→ **ABOUT THIS TASK**: Filter the records below for the word "number". Copy each line that holds it.

→ **STUDY MATERIAL**:
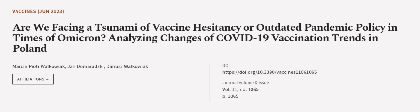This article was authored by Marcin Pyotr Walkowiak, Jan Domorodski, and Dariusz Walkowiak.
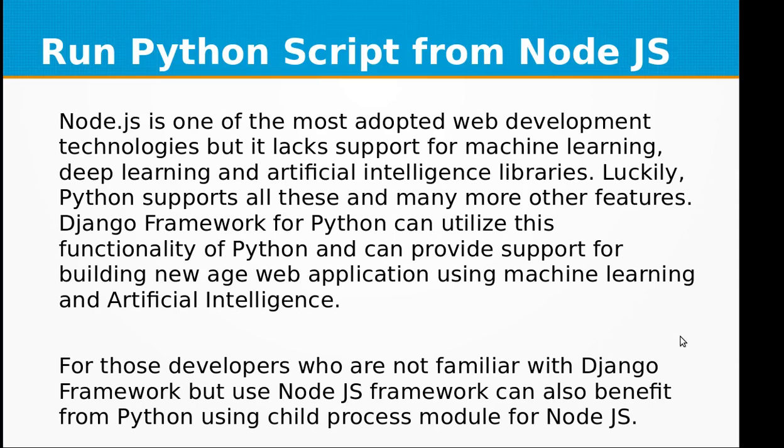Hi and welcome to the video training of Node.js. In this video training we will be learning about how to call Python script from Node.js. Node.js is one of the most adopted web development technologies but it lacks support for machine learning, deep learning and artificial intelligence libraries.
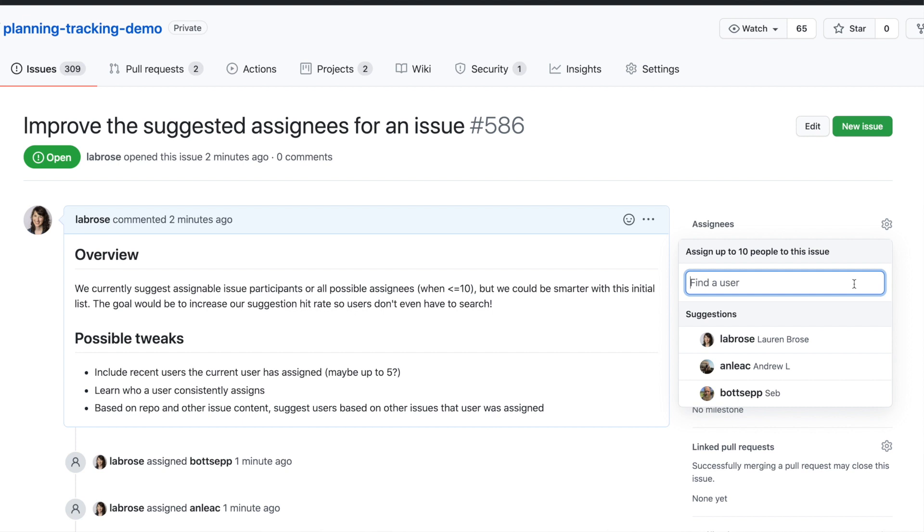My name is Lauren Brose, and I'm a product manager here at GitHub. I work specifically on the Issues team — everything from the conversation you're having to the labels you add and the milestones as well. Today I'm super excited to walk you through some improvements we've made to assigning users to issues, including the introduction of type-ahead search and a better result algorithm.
--
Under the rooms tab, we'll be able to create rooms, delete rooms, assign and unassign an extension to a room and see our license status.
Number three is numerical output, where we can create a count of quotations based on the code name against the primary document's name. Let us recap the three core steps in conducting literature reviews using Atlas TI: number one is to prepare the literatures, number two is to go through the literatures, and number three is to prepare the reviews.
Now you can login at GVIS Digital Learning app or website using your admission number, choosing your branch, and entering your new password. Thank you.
...
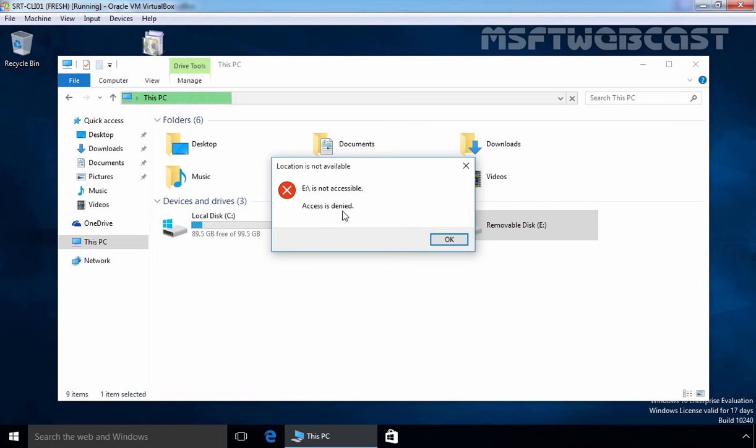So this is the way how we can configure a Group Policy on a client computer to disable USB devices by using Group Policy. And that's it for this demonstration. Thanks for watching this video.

→ **EXERCISE RESPONSE**:
Number three is numerical output, where we can create a count of quotations based on the code name against the primary document's name. Let us recap the three core steps in conducting literature reviews using Atlas TI: number one is to prepare the literatures, number two is to go through the literatures, and number three is to prepare the reviews.
Now you can login at GVIS Digital Learning app or website using your admission number, choosing your branch, and entering your new password. Thank you.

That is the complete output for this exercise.